Problem: Take the line containing "Релативно велика почетна" through the last line of the data and retype those lines exactly. Pictures do not belong in the copy.

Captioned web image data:
──────

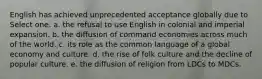 English has achieved unprecedented acceptance globally due to Select one: a. the refusal to use English in colonial and imperial expansion. b. the diffusion of command economies across much of the world. c. its role as the common language of a global economy and culture. d. the rise of folk culture and the decline of popular culture. e. the diffusion of religion from LDCs to MDCs.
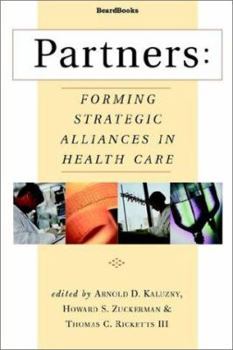 Paperback Partners: Forming Strategic Alliances in Health Care Book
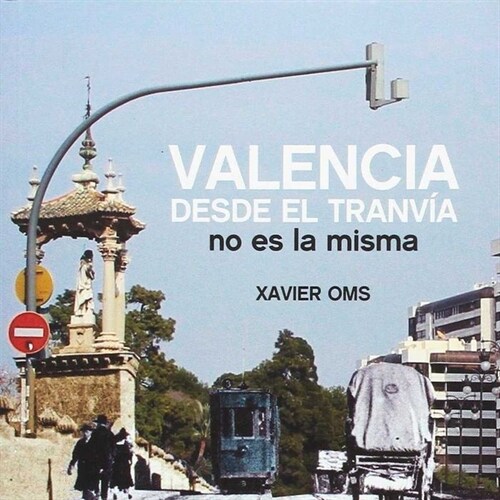 VALENCIA DESDE EL TRANVIA NO ES LA MISMA (Paperback)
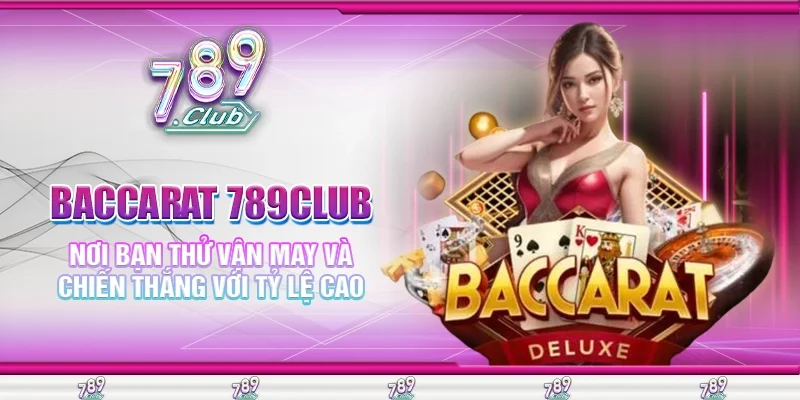 Baccarat 789Club Nơi Bạn Thử Vận May Và Chiến Thắng Với Tỷ Lệ Cao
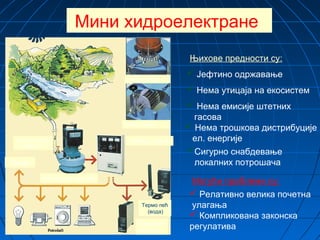 Мини хидроелектране
Њихове предности су:
 Јефтино одржавање
 Нема утицаја на екосистем
 Нема трошкова дистрибуције
ел. енергије
 Нема емисије штетних
гасова
Сигурно снабдевање
локалних потрошача
Могући проблеми су:
 Релативно велика почетна
улагања
 Компликована законска
регулатива
Продаја
Електрична енергија
Разводни орман
Пелтон турбина
Банки турбина
Термо пећ
(вода)
Термо пећ
(ваздух)
Агрегат-турбина
генератор
 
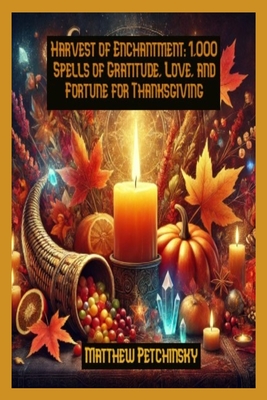 Harvest of Enchantment: 1,000 Spells of Gratitude, Love, and Fortune for Thanksgiving - Petchinsky, Matthew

──────

Solution for this problem:
 Релативно велика почетна
улагања
 Компликована законска
регулатива
Продаја
Електрична енергија
Разводни орман
Пелтон турбина
Банки турбина
Термо пећ
(вода)
Термо пећ
(ваздух)
Агрегат-турбина
генератор
 
 Harvest of Enchantment: 1,000 Spells of Gratitude, Love, and Fortune for Thanksgiving - Petchinsky, Matthew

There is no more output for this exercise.